In November 2002, the FASB issued Interpretation No. 45, Guarantor's
Accounting and Disclosure Requirements for Guarantees, Including Indirect
Guarantees of Indebtedness to Others, an interpretation of FASB Statements No.5,
57 and 107 and a rescission of FASB Interpretation No. 34. This Interpretation
elaborates on the disclosures to be made by a guarantor in its interim and
annual financial statements about its obligations under guarantees issued. The
Interpretation also clarifies that a guarantor is required to recognize, at
inception of a guarantee, a liability for the fair value of the obligation
undertaken. The initial recognition and measurement provisions of the
Interpretation are applicable to guarantees issued or modified after December
31, 2002. The Company has not guaranteed the debts of others, therefore, this
interpretation is not expected to have a material effect on the Company's
financial statements.

In December 2002, the FASB issued SFAS No. 148, Accounting for Stock-Based
Compensation -- Transition and Disclosure, an amendment of FASB Statement
No.123. This Statement amends FASB Statement No. 123, Accounting for Stock-Based
Compensation, to provide alternative methods of transition for a voluntary
change to the fair value method


45


of accounting for stock-based employee compensation. In addition, this Statement
amends the disclosure requirements of Statement No. 123 to require prominent
disclosures in both annual and interim financial statements. Management has
adopted certain of the disclosure modifications are required for fiscal years
ending after December 15, 2002 and are included in the notes to the accompanying
consolidated financial statements.

In January 2003, the FASB issued Interpretation No. 46, Consolidation of
Variable Interest Entities, an Interpretation of Accounting Research Bulletin
No. 51. Interpretation No. 46 requires a company to consolidate a variable
interest entity if the company has a variable interest (or combination of
variable interests) that will absorb a majority of the entity's expected losses
if they occur, receive a majority of the entity's expected residual returns if
they occur, or both. A direct or indirect ability to make decisions that
significantly affect the results of the activities of a variable interest entity
is a strong indication that a company has one or both of the characteristics
that would require consolidation of the variable interest entity. Interpretation
No. 46 also requires additional disclosures regarding variable interest
entities. The new interpretation is effective immediately for variable interest
entities created after January 31, 2003, and is effective in the first interim
or annual period beginning after June 15, 2003, for variable interest entities
in which a company holds a variable interest that it acquired before February 1,
2003. Management does not expect that adoption of this interpretation will have
a material effect on the Company's financial position or results of operation.

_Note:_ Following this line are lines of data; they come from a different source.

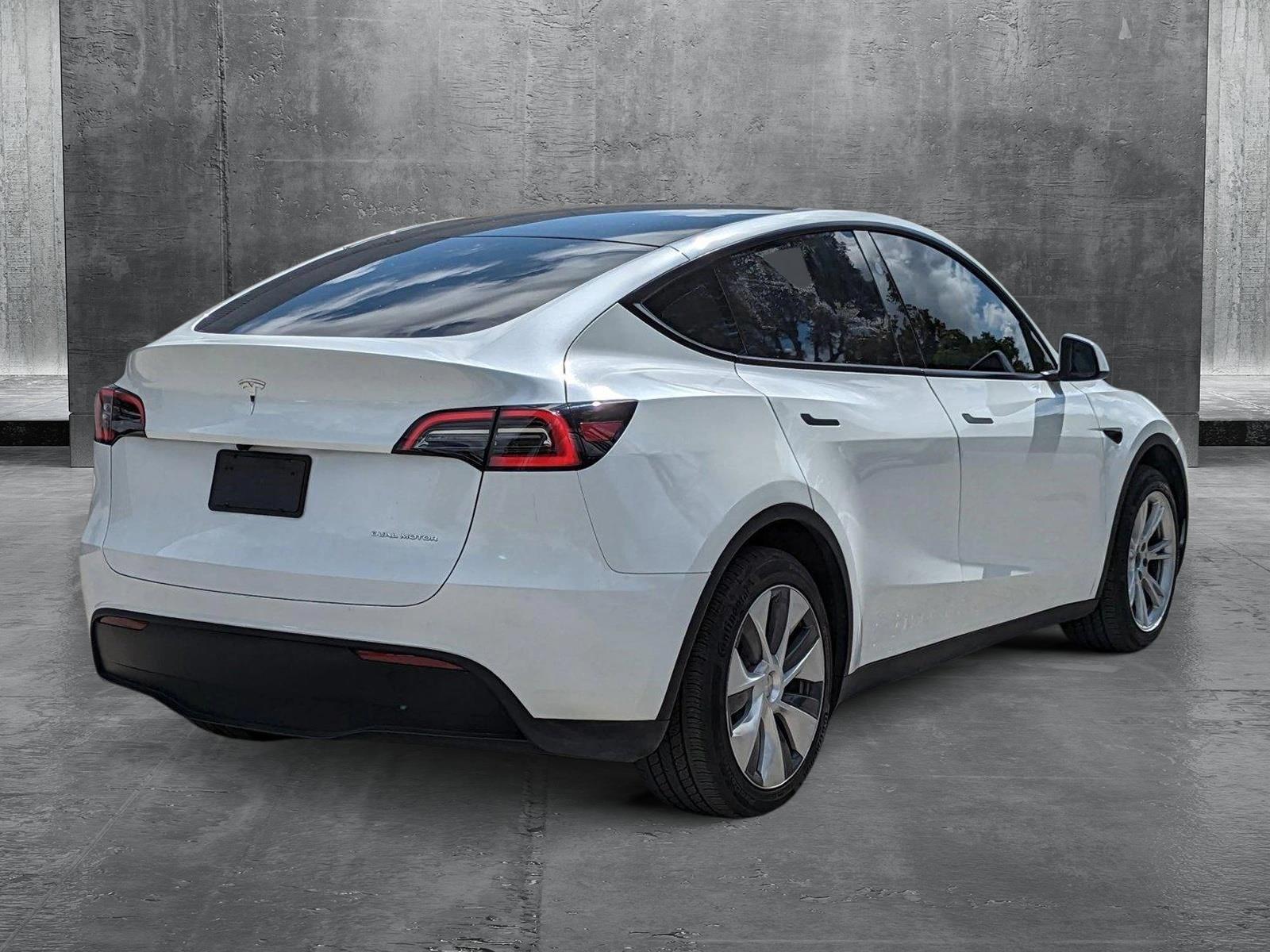 2023 Tesla Model Y Vehicle Photo in GREENACRES, FL 33463-3207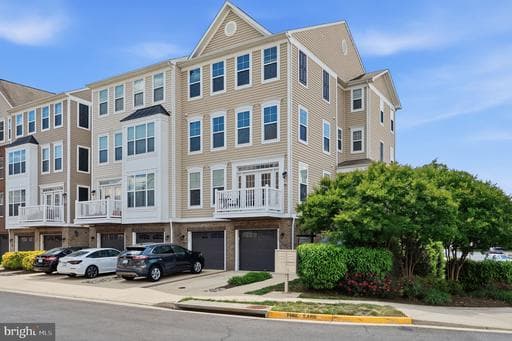 42167 CANARY GRASS SQUARE - Photo 1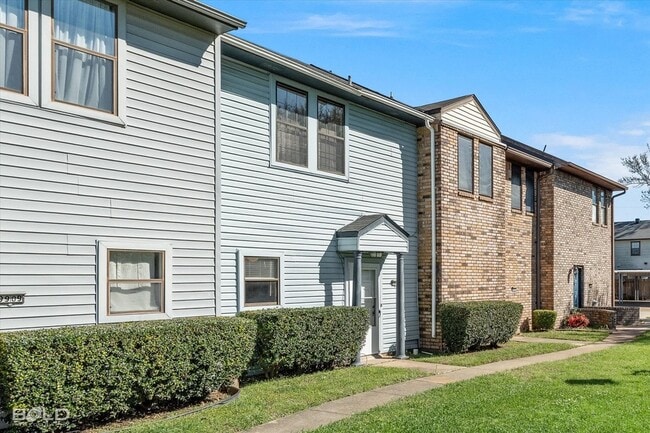 Photo - 9913 Dagger Point Ln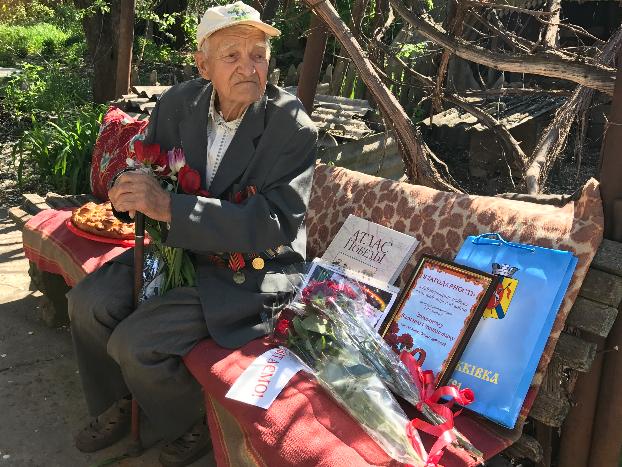 Очевидец вековой истории: Ветеран из Дружковки отметил 100-летний юбилей
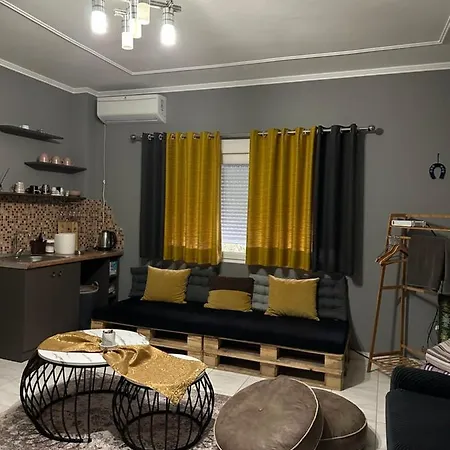Koa 1 Apartment Korce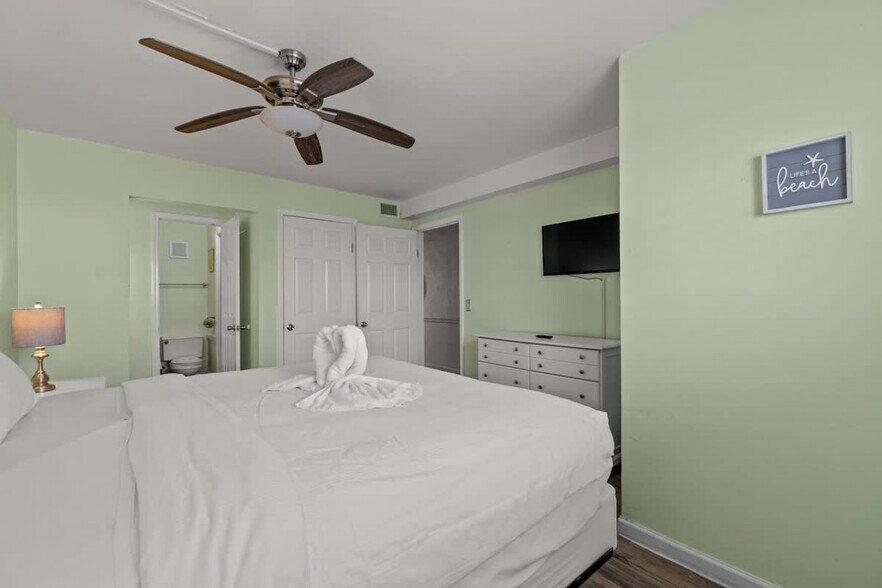 Building Photo - 8743 Thomas Dr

ITEM 7A QUANTITATIVE AND QUALITATIVE DISCLOSURE ABOUT MARKET
RISKS

COMMODITY RISK

The Company's major market risk exposure is in the pricing applicable to
its oil and gas production. Realized pricing is primarily driven by the
prevailing worldwide price for crude oil and spot prices applicable to natural
gas production. Historically, prices received for oil and gas production have
been volatile and unpredictable and price volatility is expected to continue.
Monthly oil price realizations ranged from a low of $18.56 per barrel to a high
of $27.49 per barrel during 2002. Gas price realizations ranged from a monthly
low of $1.91 per Mcf to a monthly high of $4.01 per Mcf during the same period.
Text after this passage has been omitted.